最新推荐文章于 2024-12-16 17:28:00 发布

阅读量2.2k

点赞数 6

分类专栏： Python大数据分析与挖掘文章标签：爬虫 python beautifulsoup

本文链接：https://blog.csdn.net/qq_52417436/article/details/130545061

版权

Python大数据分析与挖掘专栏收录该内容

23 篇文章 ¥29.90 ¥99.00

订阅专栏

超级会员免费看

本文详细回顾了《数据采集与分析》课程中关于爬虫的重要知识点，涵盖web工作原理、Robots协议、使用requests库请求网页、BeautifulSoup库解析HTML、获取元素属性值和文本等内容，旨在帮助学生准备期末考试。

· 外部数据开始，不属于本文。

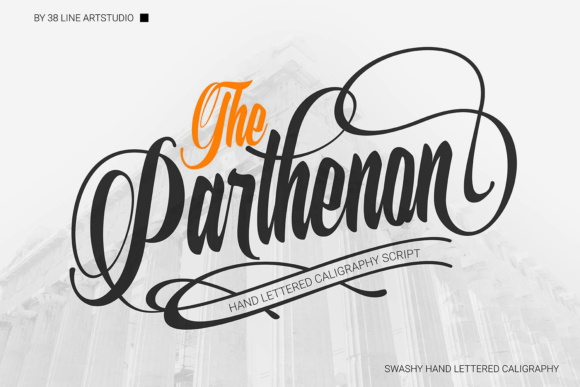 The Parthenon: A Premium Script Font for Handmade Labels and Crafts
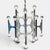 Vintage 1970s 24 candelabra light modernist chandelier designed by Gaetano Sciolari. This unique piece is a brushed chrome...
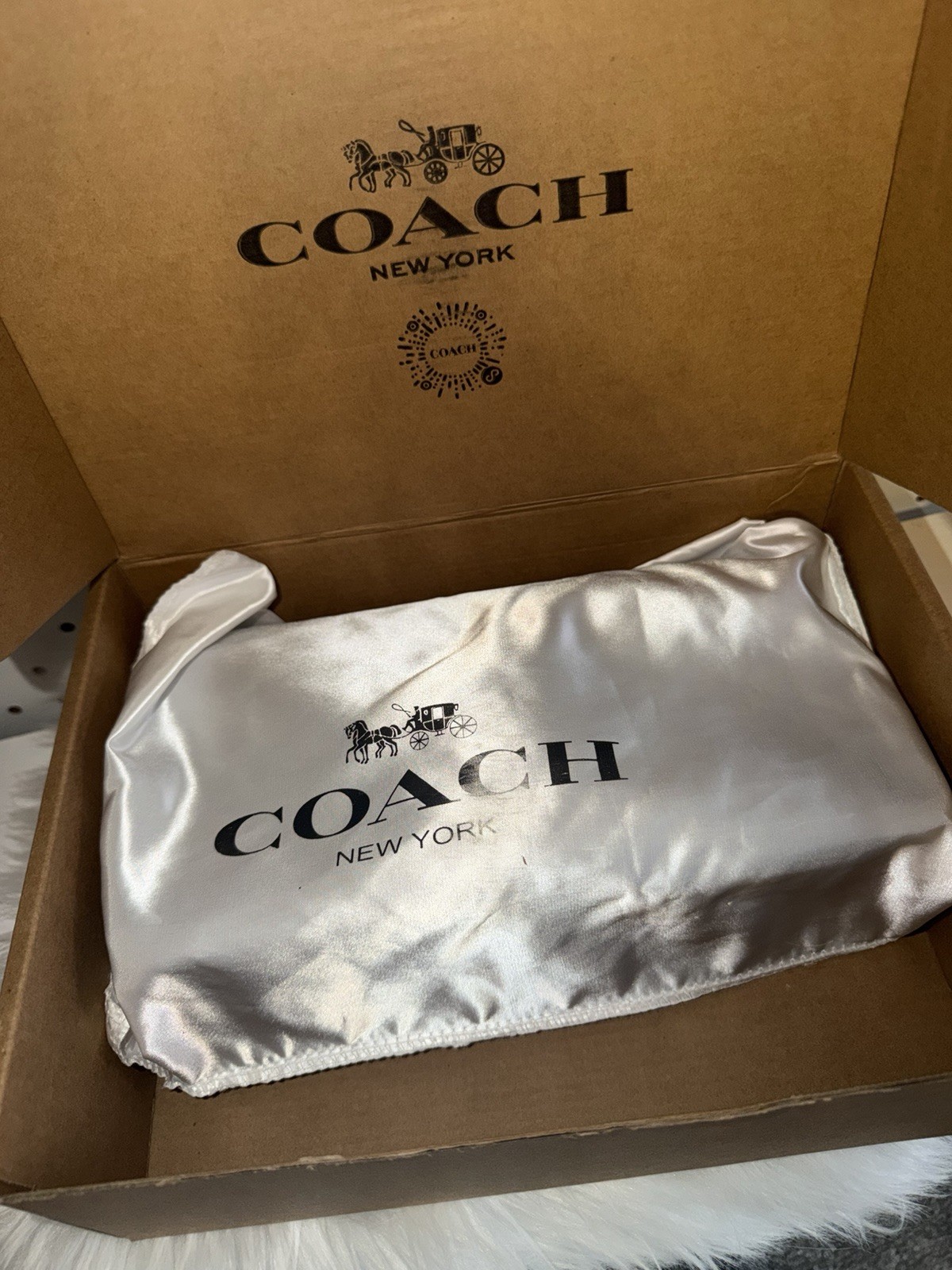 Coach Tabby Black Pebbled Turn Lock Crossbody Bag w/ Detachable Strap Dust Bag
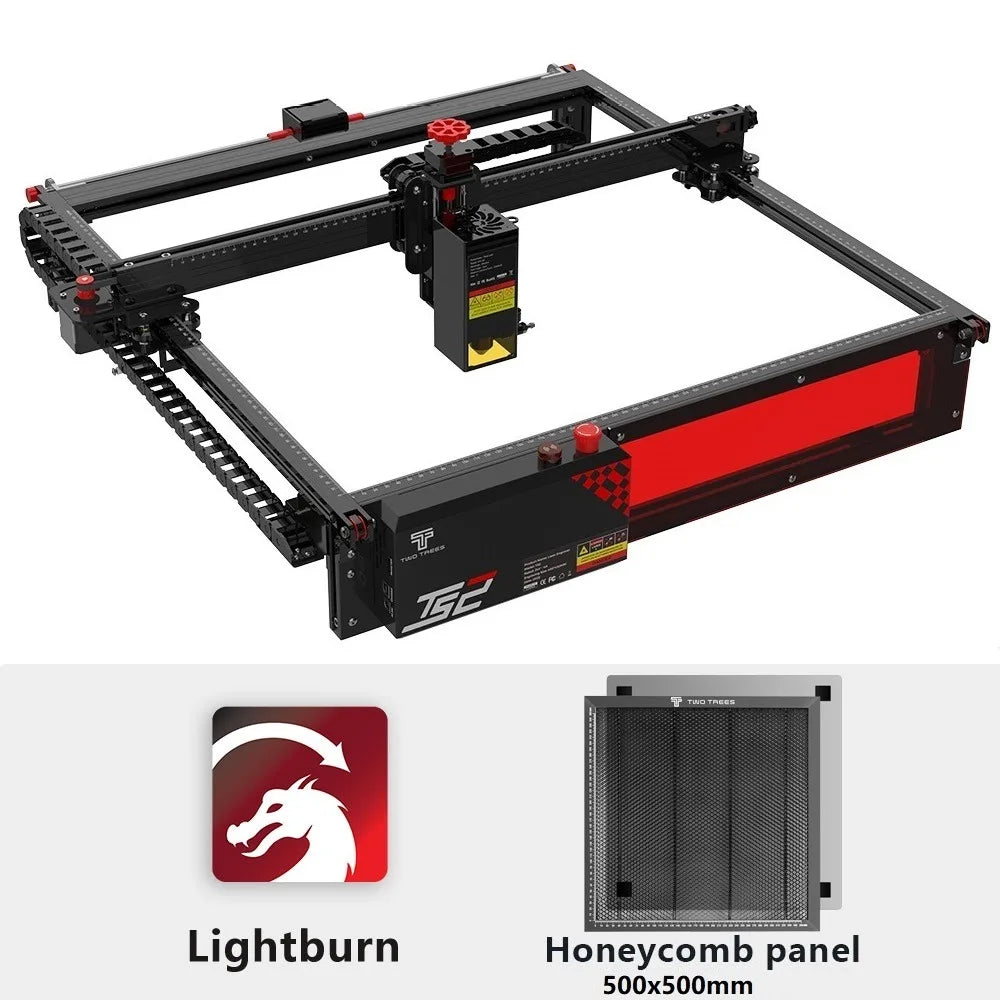 Twotrees TS2 20W Laser Engraver 450X450Mm XY Axis Limit Switch Laser Engraving Machine Compressed Spot Technology Cutter Machine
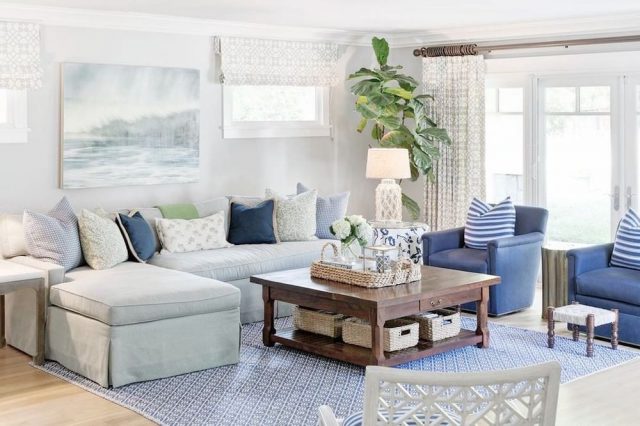 21 Coastal Sofas with Chaise Lounge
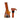 A front view of the 4" Mini Water Pipe - Jay and Silent Bob orange glass pipe with a simple, rounded design.
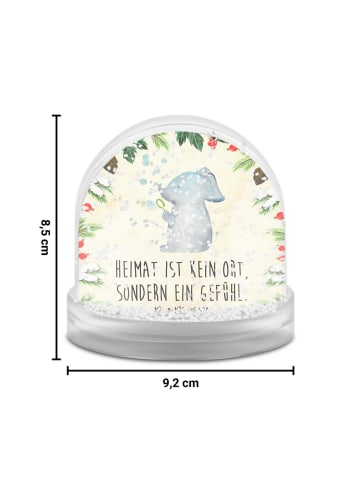Mr. & Mrs. Panda Schneekugel Weihnachten Elefant Seifenblasen mi... in Naturpapier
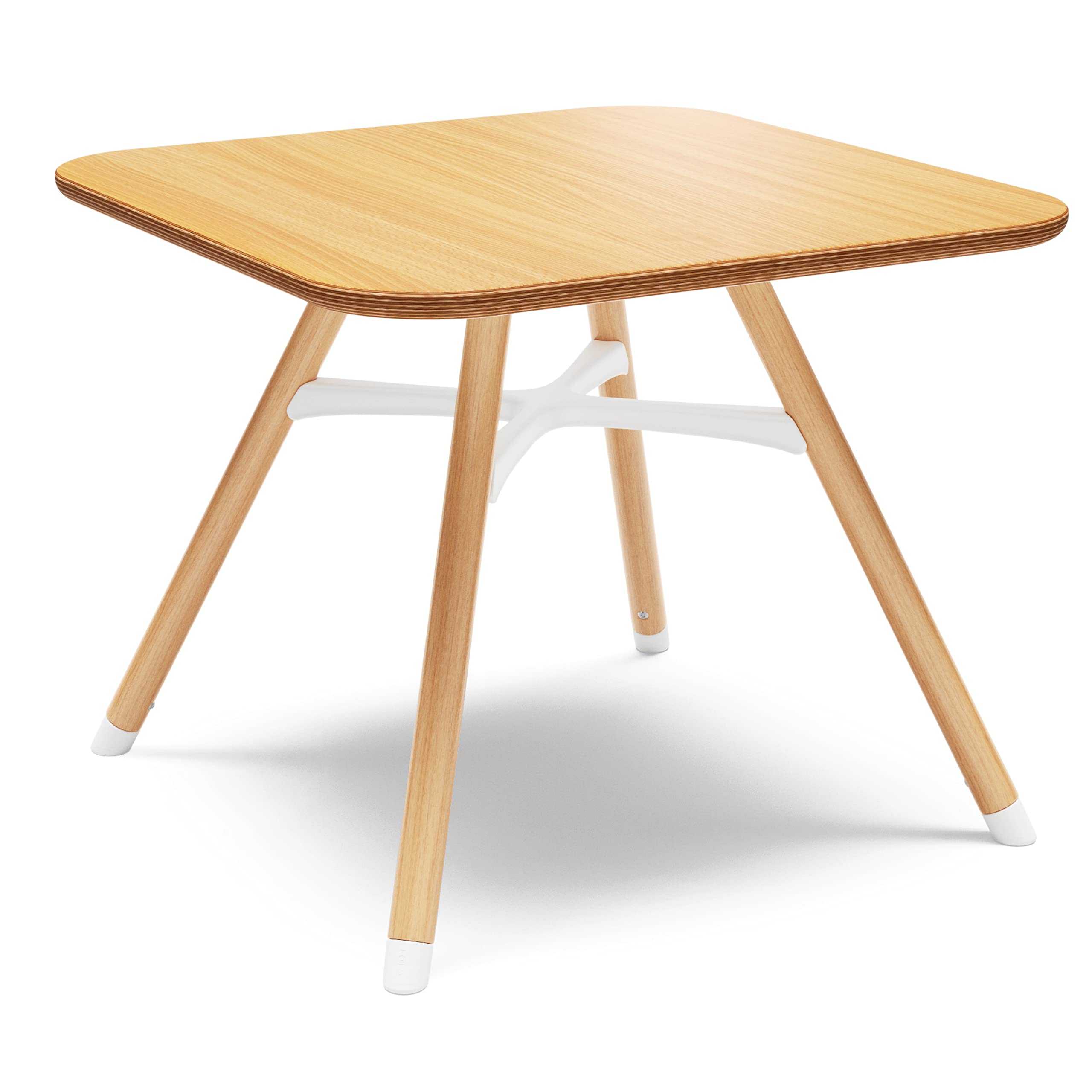 Lalo The Play Table - Natural Wooden Kids Activity Table for Preschoolers & Toddlers | Easy to Clean Surface & Quick Setup | 23.6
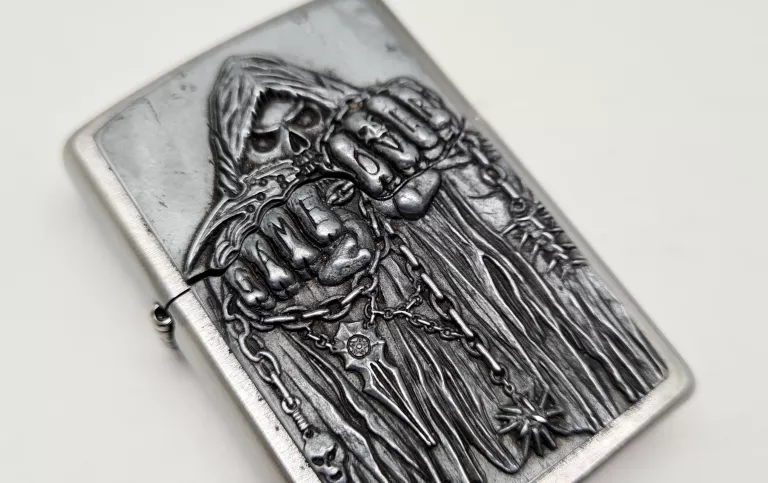 ZAPALNICZKA BENZYNOWA ZIPPO ŚMIERĆ/GAME OVER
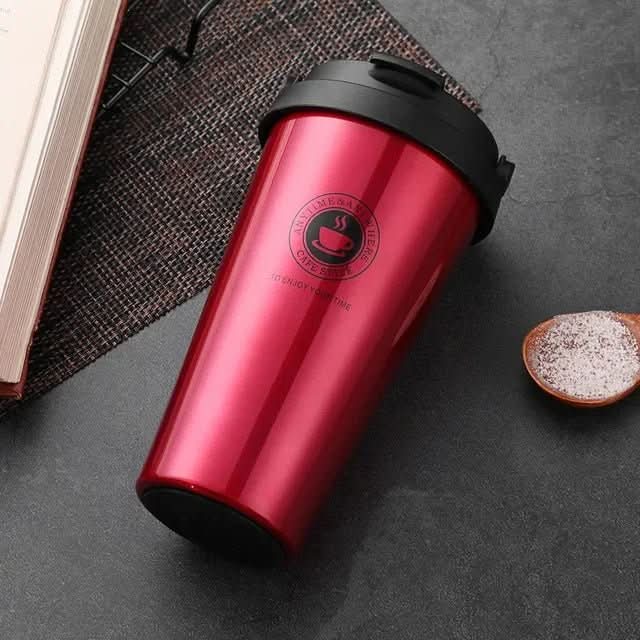 GlacierSip Insulated Stainless Steel Travel Mug 500 Ml Leak-Proof Double-Walled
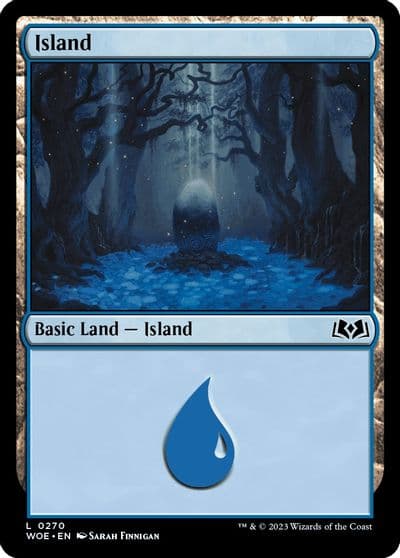 Island 0270 Wilds of Eldraine Magic card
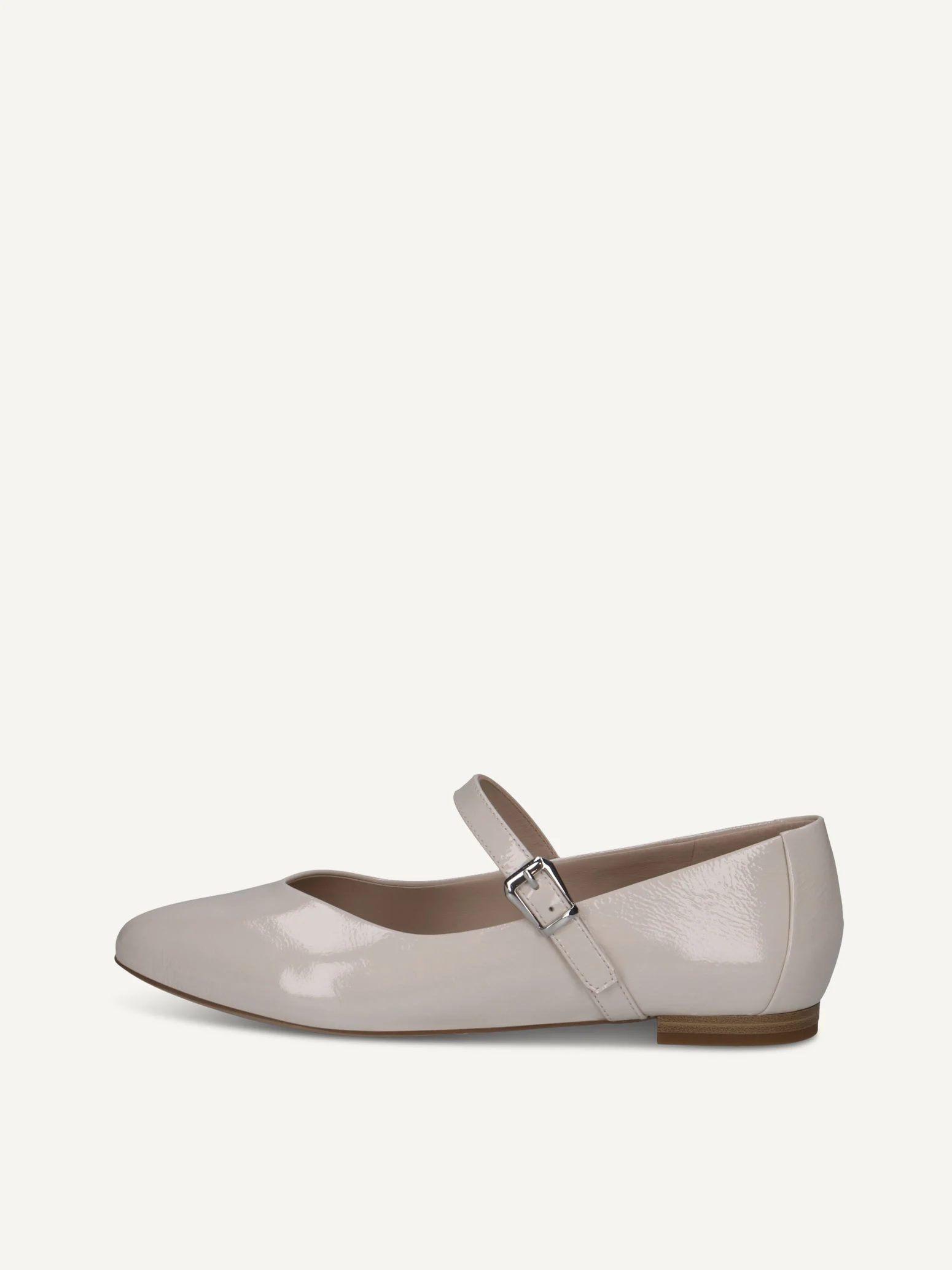 CAPRICE Ballerine, blanc, en Cuir avec Talon bloc, P.41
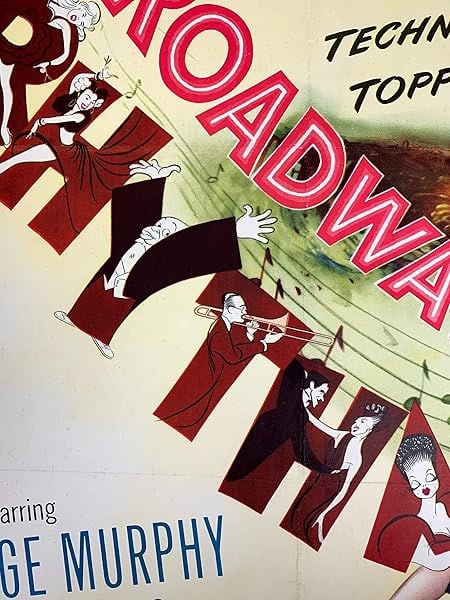 Broadway Rhythm - Art By Hirschfeld (1944) US One Sheet Movie Poster LB - 4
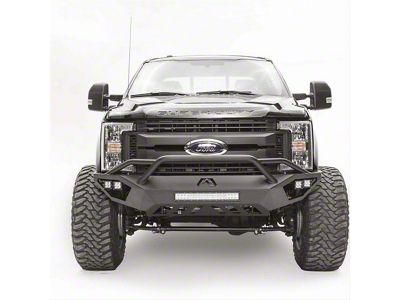 Fab Fours Vengeance Front Bumper with Pre-Runner Guard; Bare Steel (17-22 F-250 Super Duty)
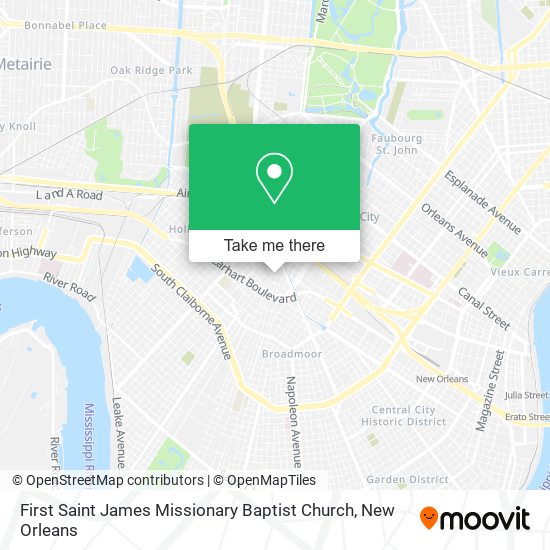 First Saint James Missionary Baptist Church map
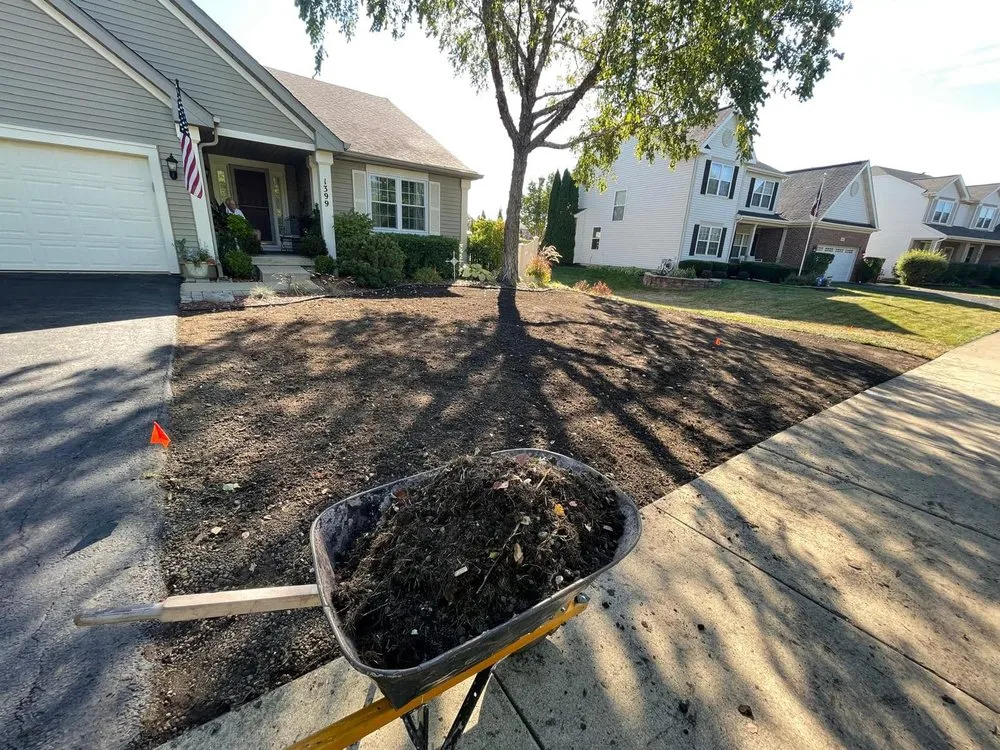 Custom residential landscaping for year-round maintenance across N Aurora, IL - Armstrong Lawn Care Services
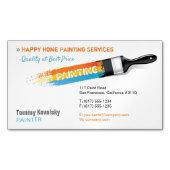 Schilderdiensten | Schilders Magnetisch Visitekaartje (Voorkant)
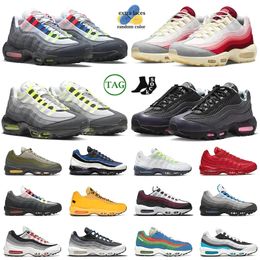 2024 95 95S Running Shoes Anatomy Greedy Neon Pink Beam Big Tamaño 12 Pascua Cristal Azul Olive Burdeos Burdeos OG95 Mujeres Mujeres Sneakers 40-46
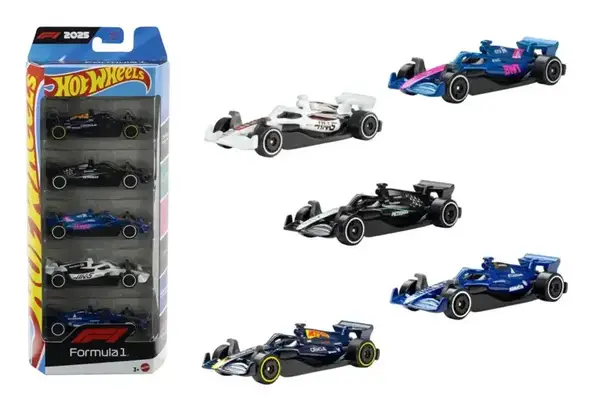 Набір з 5-и базових машинок JLN11 "Формула 1" Hot Wheels купити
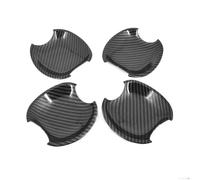 Rufutle Car Door Handle Cover for Toyota Allion Premio T240 2001-2007, ABS Gloss Black Chrome Carbon Fiber Car Door Handle Cover Bowl Trim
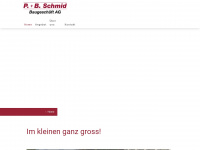 schmid-bau.ch Webseite Vorschau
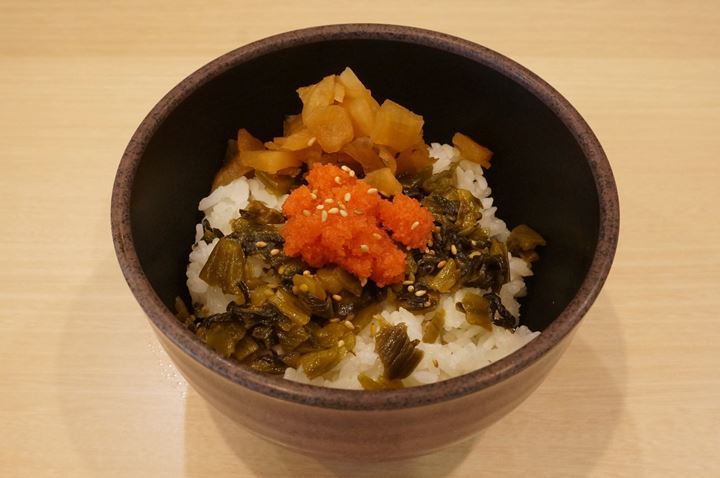 ワンコインセット ミニ明太高菜ごはん - Soba 蕎麦 そば - YUDETARO ゆで太郎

摘要生成于 C知道，由 DeepSeek-R1 满血版支持，前往体验 >

《数据采集与分析》期末考试爬虫部分重要知识点复习（详细版）

文章目录

《数据采集与分析》期末考试爬虫部分重要知识点复习（详细版）

一、预备知识

1、web基本工作原理

Web基本工作原理是基于客户端-服务器模型的。当用户在Web浏览器中输入URL时，浏览器会向服务器发送一个请求，请求服务器返回所请求的资源。这个请求通常是通过HTTP（Hypertext Transfer Protocol）发送的。

下面是一个最简单的web服务2层体系结构图：

在这里插入图片描述

服务器接收到请求后，会根据请求的URL和其他信息来确定需要返回的资源，并将资源以HTTP响应的形式返回给浏览器。HTTP响应包括一个状态码（例如200表示成功，404表示未找到请求的资源），以及响应的内容，例如HTML文档、图像、视频等。

浏览器接收到响应后，会解析响应的内容，并根据HTML文档中的指令和CSS样式来构建页面的可视化表示。如果页面中包含JavaScript代码，浏览器会执行这些代码来实现交互性和动态效果。

Web的工作原理基于开放标准，这些标准由W3C（World Wide Web Consortium）和其他组织制定和维护。这些标准确保了不同的浏览器和服务器之间的互操作性，使得Web成为一个开放、自由和创新的平台。

2、网络爬虫的Robots协议

Robots协议是一种用于指导网络爬虫如何访问网站的标准。它是通过在网站根目录下的robots.txt文件中定义的。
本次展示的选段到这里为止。